- [Work to complete] Restate exactly the lines below, from the one containing "カシオ 電子辞書 EX-word" through the final line, and leave out the pictures.

- [Short descriptive text snippets]
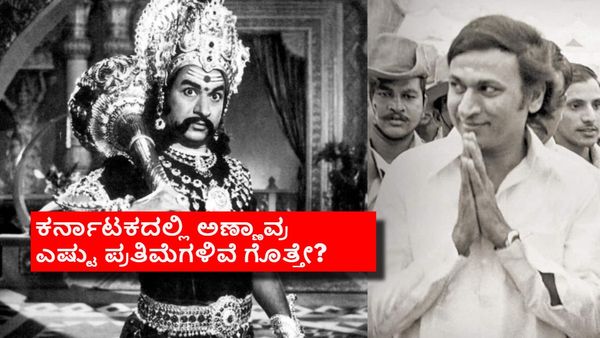 ರಾಜ್‌ಕುಮಾರ್ ಖುದ್ದಾಗಿ ತೆರಳಿ ತನ್ನದೇ ಪ್ರತಿಮೆಯನ್ನು ತೆರವುಗೊಳಿಸಿದ್ದು ಏಕೆ? ಕುಣಿಗಲ್‌ನಲ್ಲಿ ನಡೆದ ಆ ಘಟನೆ ಏನು?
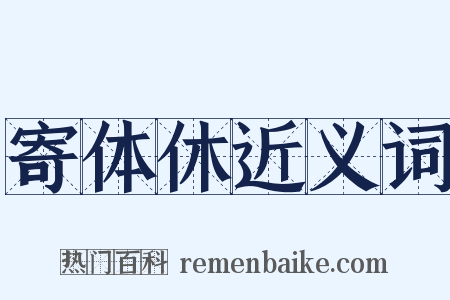 寄体休近义词是什么意思的图片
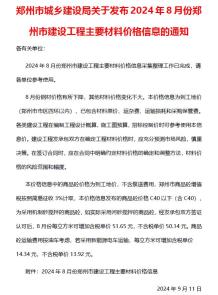 郑州2024年8月造价信息电子版
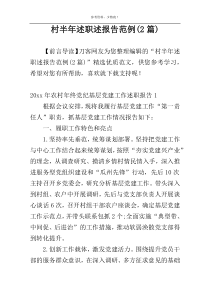 村半年述职述报告范例(2篇)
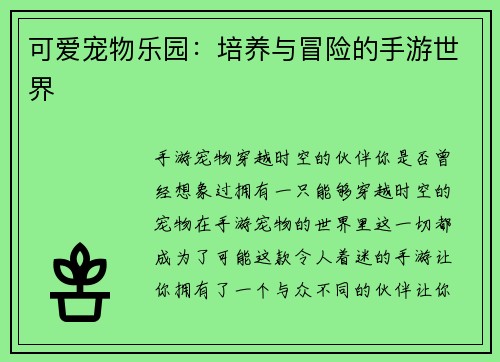 可爱宠物乐园：培养与冒险的手游世界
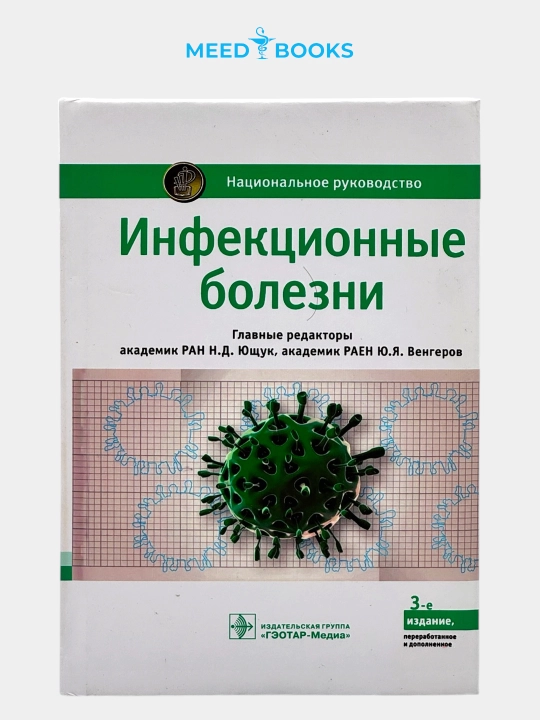 Инфекционные болезни. Н.Д. Ющука. Мед книга - 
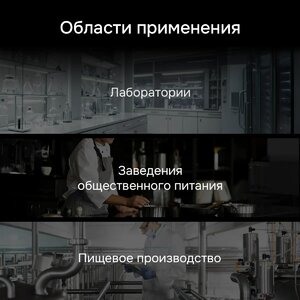 Пищевой термометр RGK CT-104 IR, фото 13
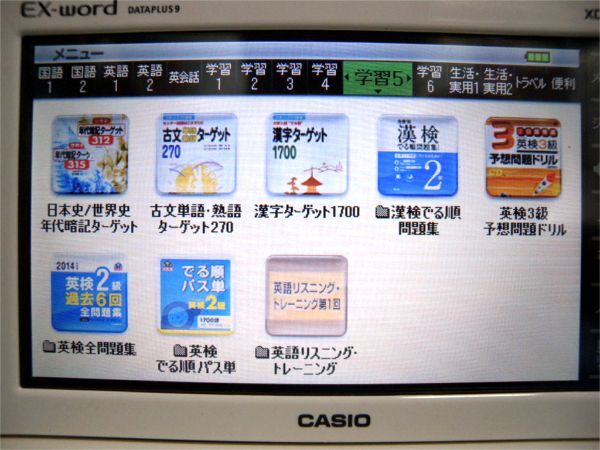 カシオ 電子辞書 EX-word XD-K4700 美品 ☆高校生モデル TOEIC 英検対策_画像8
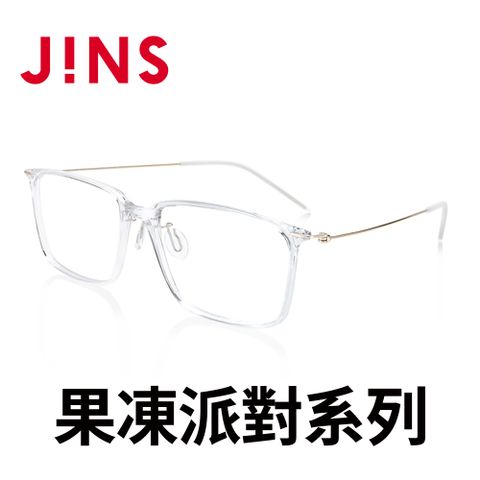 JINS 果凍派對膠框眼鏡(AMUF20A091)透明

- [Result]
 カシオ 電子辞書 EX-word XD-K4700 美品 ☆高校生モデル TOEIC 英検対策_画像8
 JINS 果凍派對膠框眼鏡(AMUF20A091)透明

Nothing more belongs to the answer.